* _Information provided_:
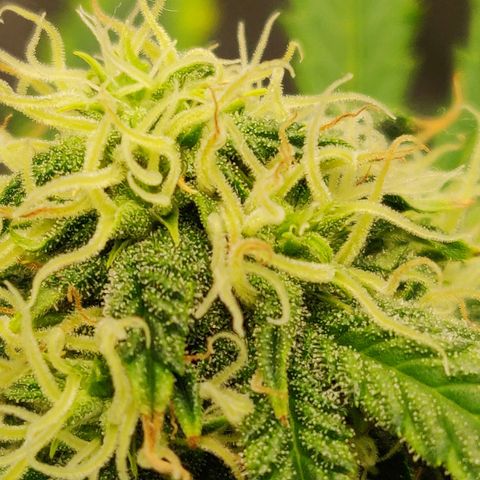 OG Kush Autoflowering growlog timeline photo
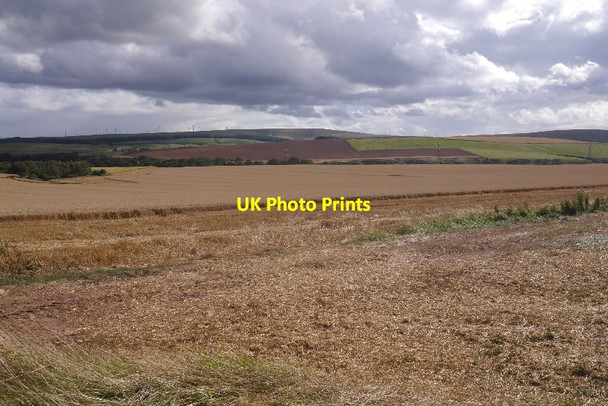 Photo 6"x4" Arable land, Spott Spott\/NT6775 c2016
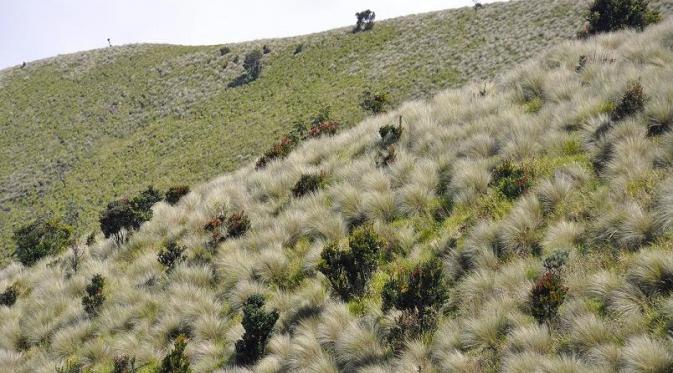 Savana Gunung Merbabu. | via: travelplusindonesia.blogspot.com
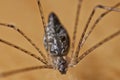 Cellar Spider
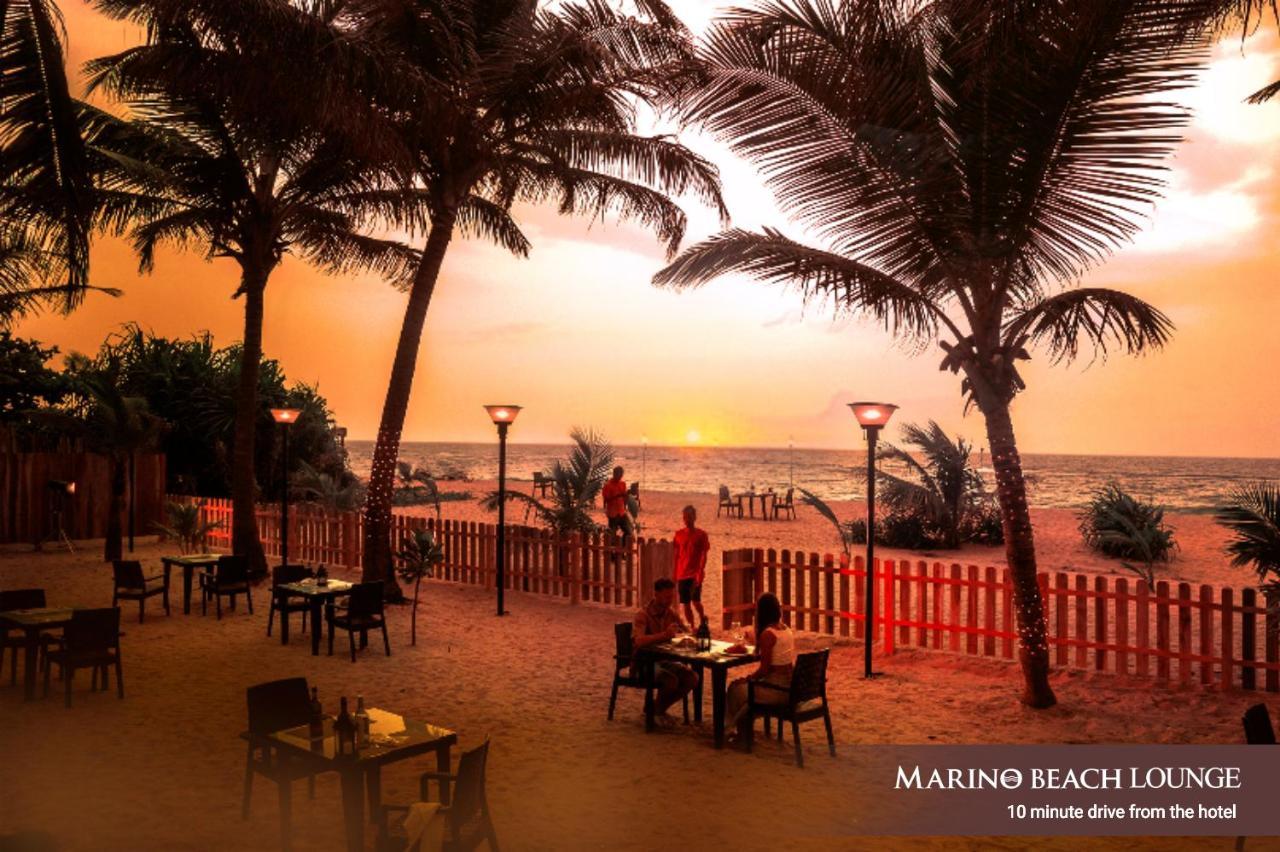 Camera King Premier con Tour della Città Gratuito e Accesso al Beach Lounge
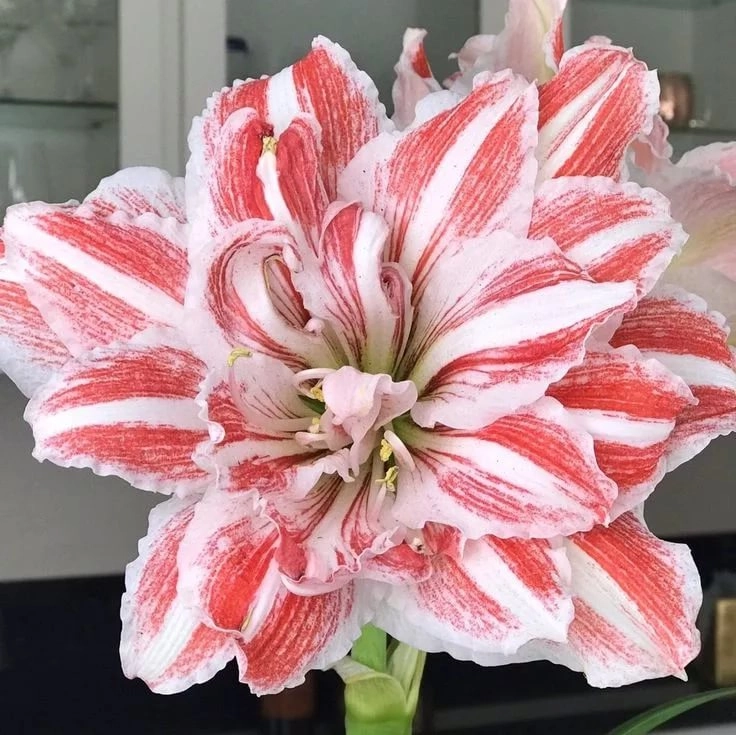 Hippeastrum dancing queen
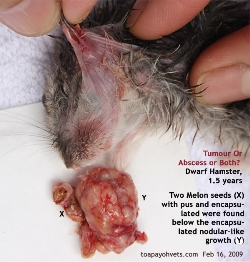 Dwarf Hamster, 1.5 years. Cheek pouch tumour and abscess. Toa Payoh Vets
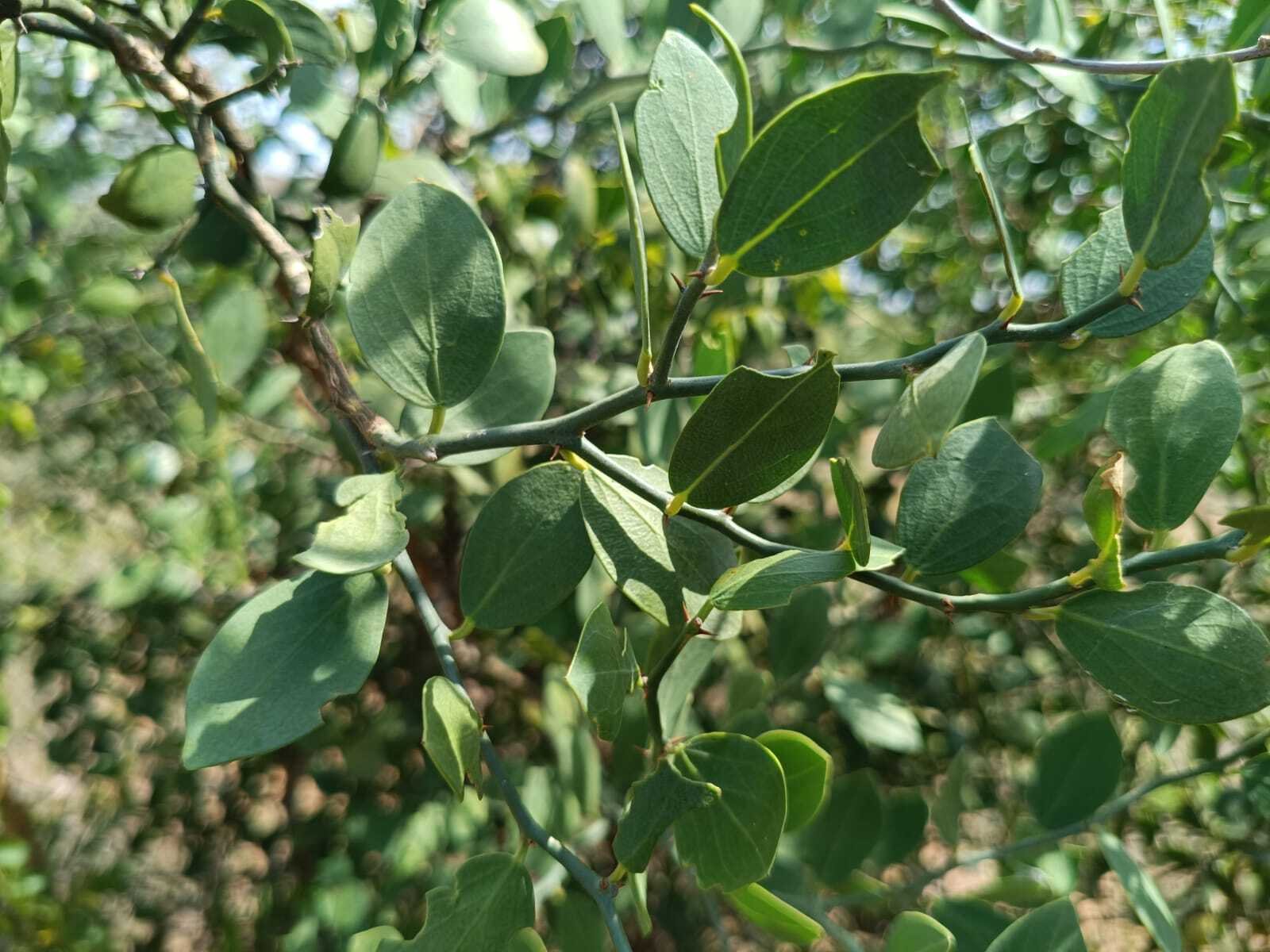 Wild Caper, A Drought-Resilient Shrub at Eco Park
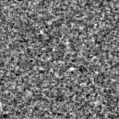 2023pyo_image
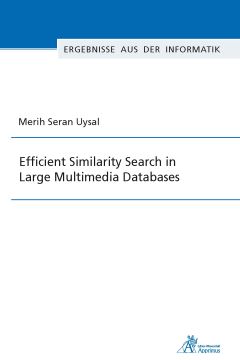 Efficient Similarity Search in Large Multimedia Databases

* _Problem to solve_: From the first line to the last, retype the data above exactly, but not its images.

* _Response to the exercise_:
 OG Kush Autoflowering growlog timeline photo
 Photo 6"x4" Arable land, Spott Spott\/NT6775 c2016
 Savana Gunung Merbabu. | via: travelplusindonesia.blogspot.com
 Cellar Spider
 Camera King Premier con Tour della Città Gratuito e Accesso al Beach Lounge
 Hippeastrum dancing queen
 Dwarf Hamster, 1.5 years. Cheek pouch tumour and abscess. Toa Payoh Vets
 Wild Caper, A Drought-Resilient Shrub at Eco Park
 2023pyo_image
 Efficient Similarity Search in Large Multimedia Databases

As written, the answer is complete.